Just because property is under contract doesn’t necessarily mean that the deal will close. Many situations can cause a deal to fall through, ranging from the buyer’s job loss to “buyer’s remorse,” where the buyer decides not to go through with the sale for reasons that may or may not be related to your property and don’t justify cancelling the sales contract in your mind.

What happens when the sale of a house doesn’t work out? In some cases, you can take legal action if a buyer refuses to complete a sale. Limitations as to what you can do can be written into the initial sales agreement that narrow your options, so read the contract carefully.

It’s wise to stay focused on your top priority as a seller – to sell your property. Even if it’s the buyer’s fault that the sale didn’t close, you may decide that getting your property back on the market and finding another buyer is the best thing to do. It’s helpful to know about your possible remedies if your sale falls through, and then you can decide what to do next. You’ll want to talk to your real estate agent and possibly a real estate lawyer before proceeding.

A seller may do the following if the buyer decides not to go through with the purchase:

  • Retain the initial down payment and terminate the contract
  • Sue for breach of contract
  • Bring an action for specific performance

Only One Remedy Allowed at a Time

Generally, only one action can be taken at a time. If one remedy fails, though, you may be able to file another lawsuit for a different reason. Remember, your sales contract may limit your options. For example, the contract may state that if the buyer fails to close without good reason, you are entitled to “liquidated damages,” which is a set amount of money, and that you are not allowed to pursue any other legal remedies.

It’s important to know that if you choose to file a lawsuit, the buyer will file a “lis pendens” in the public records. This notice shows that your property is involved in a lawsuit, and you won’t be able to sell your property during this time. Potential buyers won’t make offers, and most likely won’t even look at your property.

Seller Keeps Down Payment

When the seller is ready, willing and able to sell their property and the buyer refuses to close on the sale, the seller has the right to terminate the contract and keep the down payment. This is true even if the amount of the down payment is more than the amount of any damages to the seller caused by the breach. It is also true if the seller has resold the property to another person for more money than the original contract price.

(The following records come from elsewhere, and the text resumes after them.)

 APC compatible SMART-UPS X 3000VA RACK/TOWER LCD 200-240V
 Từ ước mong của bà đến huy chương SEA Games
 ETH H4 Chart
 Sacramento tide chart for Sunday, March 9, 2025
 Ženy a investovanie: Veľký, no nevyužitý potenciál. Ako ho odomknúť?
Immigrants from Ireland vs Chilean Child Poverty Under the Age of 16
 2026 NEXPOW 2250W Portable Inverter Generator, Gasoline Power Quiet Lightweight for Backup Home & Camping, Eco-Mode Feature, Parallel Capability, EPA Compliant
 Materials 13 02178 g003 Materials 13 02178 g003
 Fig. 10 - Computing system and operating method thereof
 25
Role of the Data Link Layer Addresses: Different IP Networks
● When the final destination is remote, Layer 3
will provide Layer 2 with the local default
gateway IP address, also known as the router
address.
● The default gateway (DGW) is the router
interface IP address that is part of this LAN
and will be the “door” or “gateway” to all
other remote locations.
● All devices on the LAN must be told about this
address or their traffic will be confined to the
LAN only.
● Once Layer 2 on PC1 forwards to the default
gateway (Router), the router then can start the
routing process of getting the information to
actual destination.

When the seller doesn’t abide by the contract, or if both buyer and seller are in default, the buyer usually gets the down payment back.

Sue for Damages

A seller may bring a lawsuit against the buyer and ask for money damages when a buyer has not done what was agreed to in the contract. The damages are based on the difference between the contract price and the market value of the property at the time of the breach, less any down payment or other payment already made, plus interest from the date of default.

Specific Performance

Specific performance is where the person claiming a breach of contract wants to complete the transaction according to the terms of the contract, rather than receive money. A seller does not have a right to specific performance; whether or not to grant specific performance is up to a court. A court may consider granting specific performance if the contract is clear and definite and an award of money will not return the individuals to the positions they were in before signing the sales contract.

If the agreement is definite in all of its essential elements, specific performance can be granted. Essential elements of the contract typically include the purchase price, deposit amount, down payment amount, legal description of the property, financing terms, closing date and effective time period of the contract.

Seller’s Lien

In most states, the seller has an implied equitable lien on real estate that has been transferred to the buyer for any part of the contract price remaining unpaid. The lien is a right to have the unpaid balance paid for out of a sale of the property.

Questions for Your Attorney

  • I’m upset that the buyer didn’t close on the sale of my house without good reason and I want to sue, but is this a good idea in my situation?
  • How does the failed sale of my property affect my listing agreement with my real estate broker? Do I owe a commission or can I just cancel that contract? I want to take my property off the market for now.
  • If I find another buyer and close on the sale quickly, can I still sue my first buyer for breaching the sales contract? The first buyer’s failure to close did cost me time and money.